И если режиссеры считают «Пугачева» не совсем сценичным, то автор заявляет, что переделывать его не намерен: пусть театр, если он желает ставить «Пугачева», перестроится так, чтобы его пьеса могла увидеть сцену в том виде, как она есть».
* * *
7 августа 1921 года умер Александр Блок.
Незадолго до смерти он писал:
«Хотим мы этого или не хотим, уйти от этого слова некуда, потому что в России два года назад окончилась революция. Каждый день истекшего двухлетия – для нас день изживания последствий этой окончившейся революции, каждая бытовая мелочь говорит о ней же, каждый изживал эти дни по-своему – активно, пассивно, сочувственно, с ненавистью, тупо, весело, клонясь к смерти, наполняясь волею к жизни, – каждый по-своему, но все равно – с чувством ее неотступного присутствия».
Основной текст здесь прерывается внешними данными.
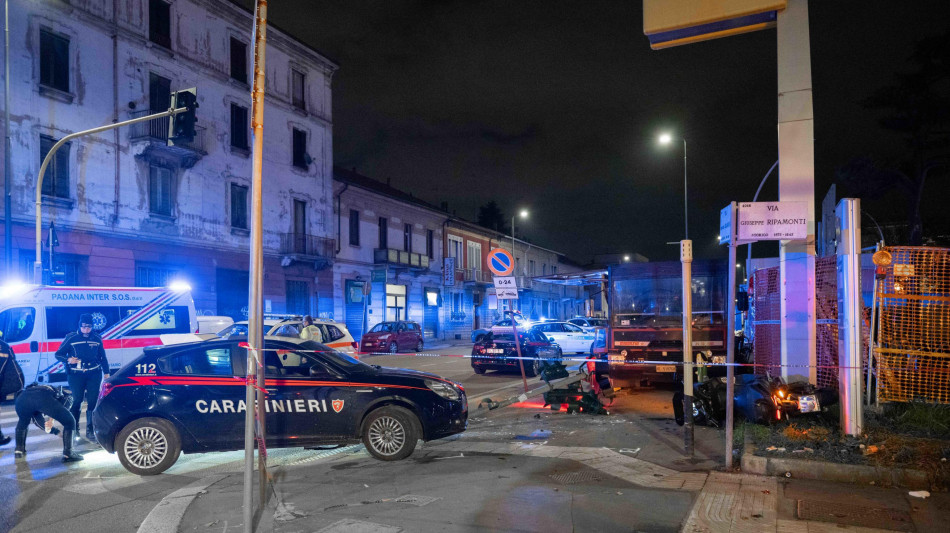 Chiuse le indagini per due carabinieri nel caso Ramy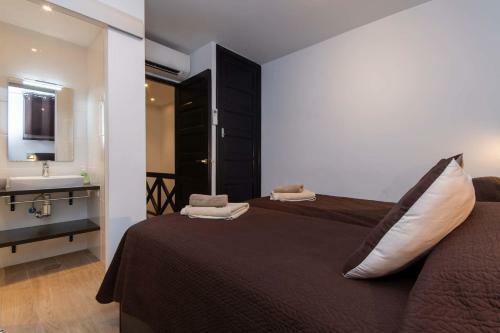 Apartamento Parque Santiago II 87 - Two Bed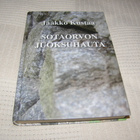 Jaakko Kustaa Sotaorvon juoksuhauta  -sid - pikkukuva 1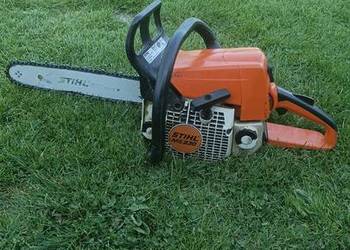 Sthil ms230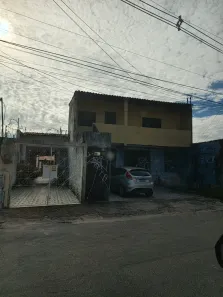Lote/Terreno à venda, 537m² no Benfica, Fortaleza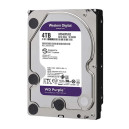 WESTERN DIGITAL Disque dur 4TB Purple Surveillance WESTERN DIGITAL Disque dur 4TB Purple Surveillance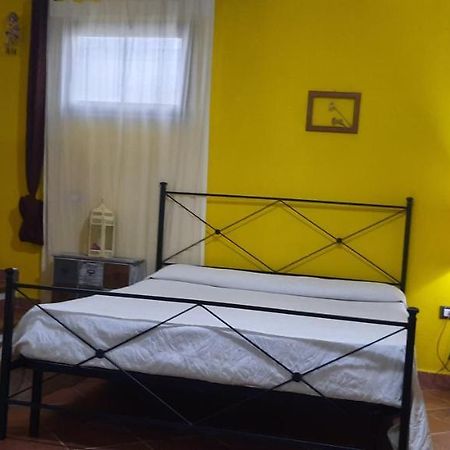 Studio Seminterrato Villa Armonia Iun:P2030 Orosei Εξωτερικό φωτογραφία
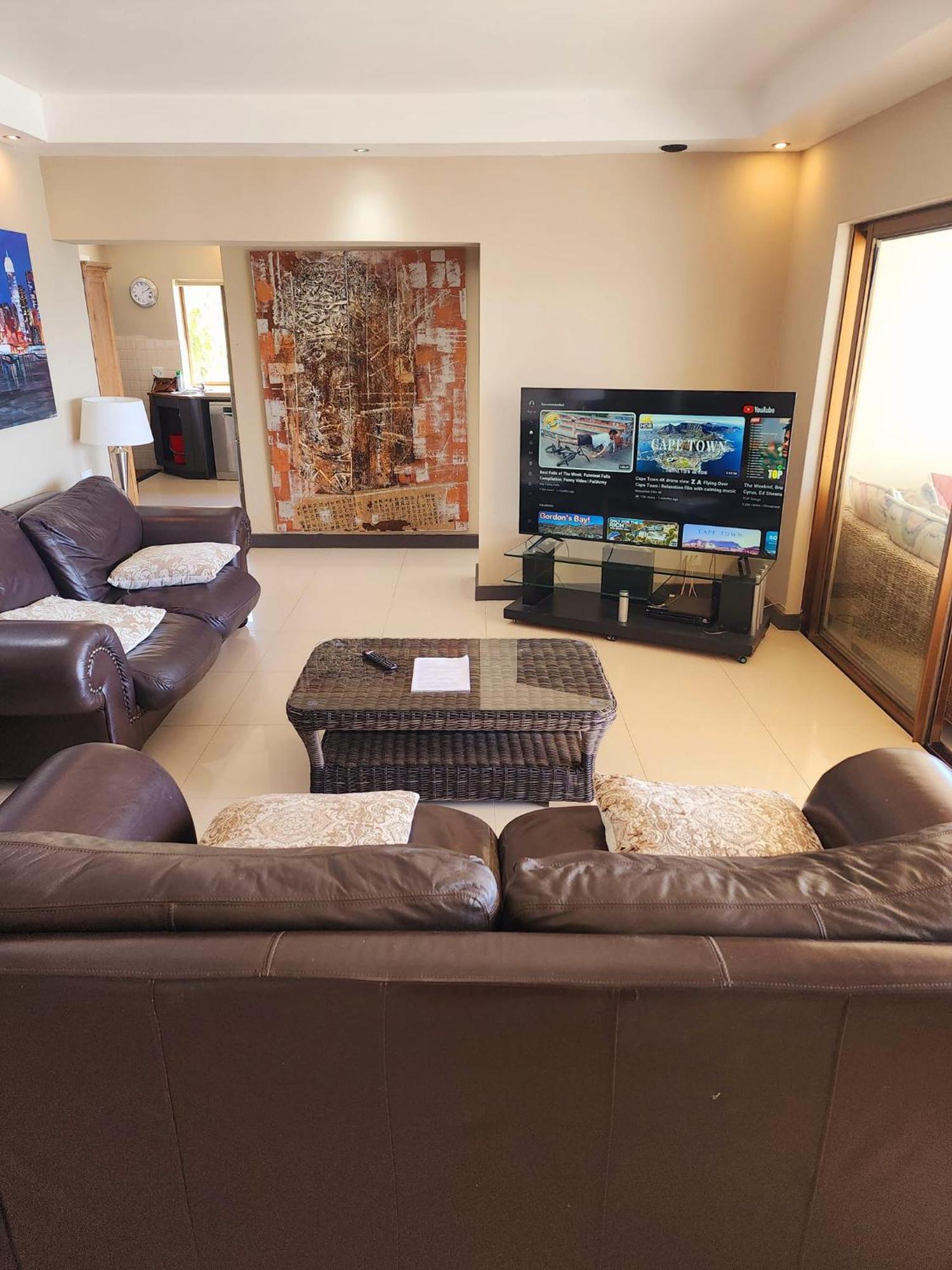 Apartamento Bikini Manor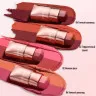 HC016-02 O.TWO.O Многофункциональный стик для макияжа Нежная роза 7g
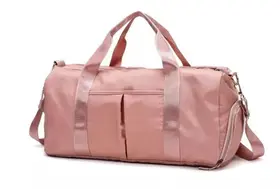Women's Bag With Strap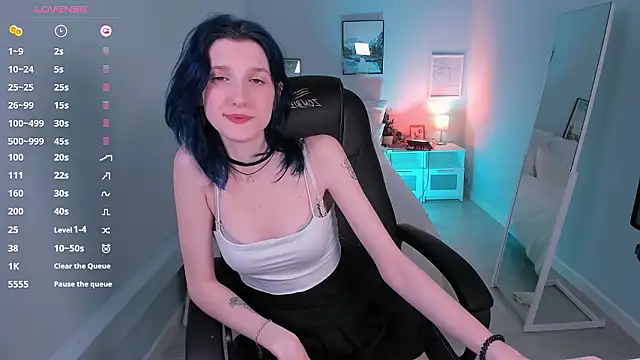 Lil_Melanie_'s Live XXX Chat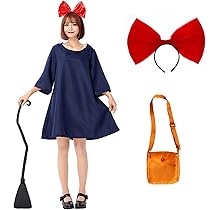 Amazon.co.jp: [akaien] 幼稚園児 ハロウィン コスプレ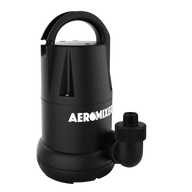 AeroMixer 1/4 HP Transfer Pump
В начале мая Блок приехал в Москву. Бледный, уставший, сжигаемый изнутри болезненным огнем, он читал на вечерах – в Политехническом, в Доме печати – старые, всем знакомые стихи: «Голос из хора», «Перед судом», «Седое утро». И в конце – о девушке, певшей в церковном хоре.
Кто смотрел на Блока, терзаясь от боли, кто слушал его с недоумением и с насмешкой, кто видел в нем отставшего от жизни интеллигента. И много было тех, кто не скрывал своего злорадства, глядя на «большевика» – автора «Двенадцати».
«Это же стихи мертвеца!» – раздался торжествующий вопль, как только Блок закончил чтение.
«Он прав. Я действительно мертвец», – спокойно и устало согласился Блок. Жизнь была кончена.
Вернувшись домой, в Петроград, он слег и больше уже почти не вставал. Ни дышать, ни жить в новой атмосфере он не мог.
О смерти Блока Есенин узнал в «Стойле Пегаса». Сообщение о происшедшем вызвало замешательство среди посетителей кафе. Есенин молча ушел. А когда пролетарские поэты устроили в клубе «Кузница» на Тверской вечер памяти Блока, он, ворвавшись в зал, в крайнем возбуждении крикнул:
– Это вы, пролетарские поэты, виновны в смерти Блока!